I hold back my words. What if He doesn't show up? I could be left high and dry. Isn't that what happens when you trust or expect something? I don't even attempt to look up now. I decide to risk one word. What harm could that do? I open my mouth as soon as I decide.

"God?"

It's more of a question than anything. Are you there? Do you hear me? Can you see me? Do you still love me? Why aren't you here right now?

"God?"

As soon as it leaves my lips I feel the glass wall I put up between me and Him shatter. The glass wall I didn't even realize was there. The glass wall that was broken down with a small hesitant call of His name. It is like the tense sad air I have breathed in all day is pervaded with a rush of relief that is let in by the shattered glass. I don't need the things crashing around me to go away. I just need to know someone is here.

He is here.

Tuesday, October 5, 2010

Connect

Connect.

An understood moment. A split second in time where your mind stops sailing alone and meets with another. When you feel yourself drift towards another being for unknown, or known, reasons.


Connect.


A moment where you become aware of another creature. Where a head on a shoulder, a connection of eyes, a voice, a note, an existence, reminds you that there is so much more in the world than you.


And that life is a beautiful thing.

Connect.
a word

a song

a sigh

a hand slipped in yours
a cry
a tear
a lullaby
a heart opening it's doors

a look
a glance
a breath
a heaviness carried in stride
a laugh

a sparkle
a presence
a shared joy and pride

Connect.

Sunday, September 19, 2010

To Defend and Protect

My roommate and I are currently thrashing out what it means for a man to defend and protect. She had posted a blog that explored what a real man is. She is the writer of the room, and so usually this would be her posting a blog in her thought out, passionate, and eloquent words. However, this time it seems that this topic hit a string in me and as words poured out of my mouth about what I thought, so we decided that I should write a blog about it.

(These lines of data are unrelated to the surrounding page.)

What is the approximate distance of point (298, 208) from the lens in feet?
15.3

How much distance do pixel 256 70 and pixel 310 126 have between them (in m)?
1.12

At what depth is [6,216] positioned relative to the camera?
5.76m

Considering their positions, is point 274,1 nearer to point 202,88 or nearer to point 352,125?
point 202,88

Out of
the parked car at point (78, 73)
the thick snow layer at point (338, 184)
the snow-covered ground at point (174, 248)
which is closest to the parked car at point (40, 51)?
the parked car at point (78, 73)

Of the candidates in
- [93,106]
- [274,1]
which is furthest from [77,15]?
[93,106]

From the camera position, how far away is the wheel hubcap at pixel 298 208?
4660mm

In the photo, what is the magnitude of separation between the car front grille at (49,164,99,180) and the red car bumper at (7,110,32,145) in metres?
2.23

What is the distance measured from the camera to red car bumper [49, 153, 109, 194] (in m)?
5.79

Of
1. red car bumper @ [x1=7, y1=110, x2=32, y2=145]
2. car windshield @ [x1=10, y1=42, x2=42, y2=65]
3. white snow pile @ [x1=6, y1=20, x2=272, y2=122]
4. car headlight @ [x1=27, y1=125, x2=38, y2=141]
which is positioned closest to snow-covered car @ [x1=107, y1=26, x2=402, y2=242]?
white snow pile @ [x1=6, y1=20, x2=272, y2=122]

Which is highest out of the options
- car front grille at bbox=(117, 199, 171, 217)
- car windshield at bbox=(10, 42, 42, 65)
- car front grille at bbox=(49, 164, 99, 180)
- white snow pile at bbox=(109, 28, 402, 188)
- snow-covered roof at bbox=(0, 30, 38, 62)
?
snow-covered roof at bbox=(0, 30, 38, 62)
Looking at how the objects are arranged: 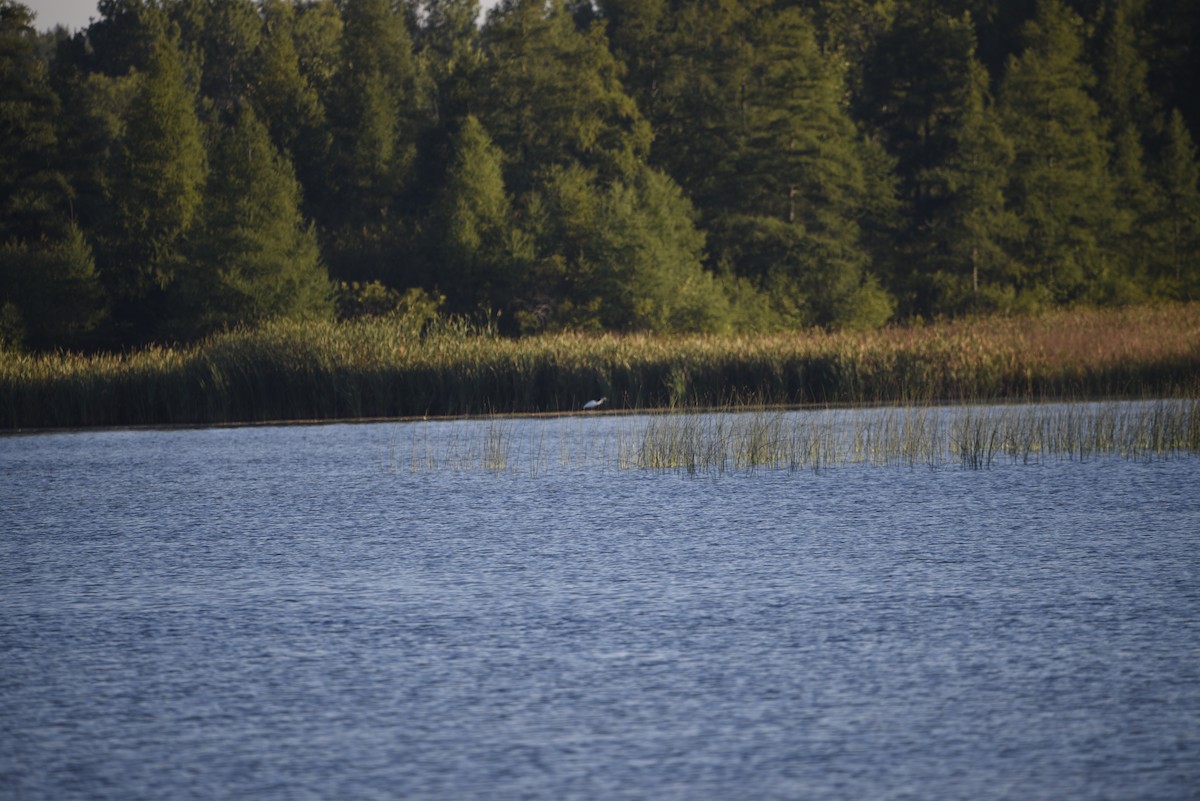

One of the qualities my roommate pondered upon was the idea that a man should protect and defend that which he values and loves. She put both "bucking up and taking on a challenge" and defending others in the same category. A wise mutual friend of ours responded and asked her to clarify what the difference is between the two. Is taking on a challenge really in the same category as protecting those around you? What does a man that fights for others look like?

Please feel free to challenge, probe, and poke at my thoughts here. I do not claim to be an expert on this. In addition I feel a bit presumptuous writing a blog about men as I sit here, very much a woman. Yet at the same time, I have watched and been a part of circumstances where men either took on that role as a defender, or sat back and either caused damage or did nothing to stop it.

Let me start off by exploring what defending someone or something looks like. Let's be honest, the picture that often comes to mind is an Aragorn-like image, a man with a gleaming sword swinging, violent and precise. His eyes show no fear, only focus, as he successfully obliterates his enemy, all the while keeping the image of his beautiful maiden in the back of his mind as his source of passion and strength. Let me also be honest and say that it is foolish and immature to think that this is the only type of protection a man can offer.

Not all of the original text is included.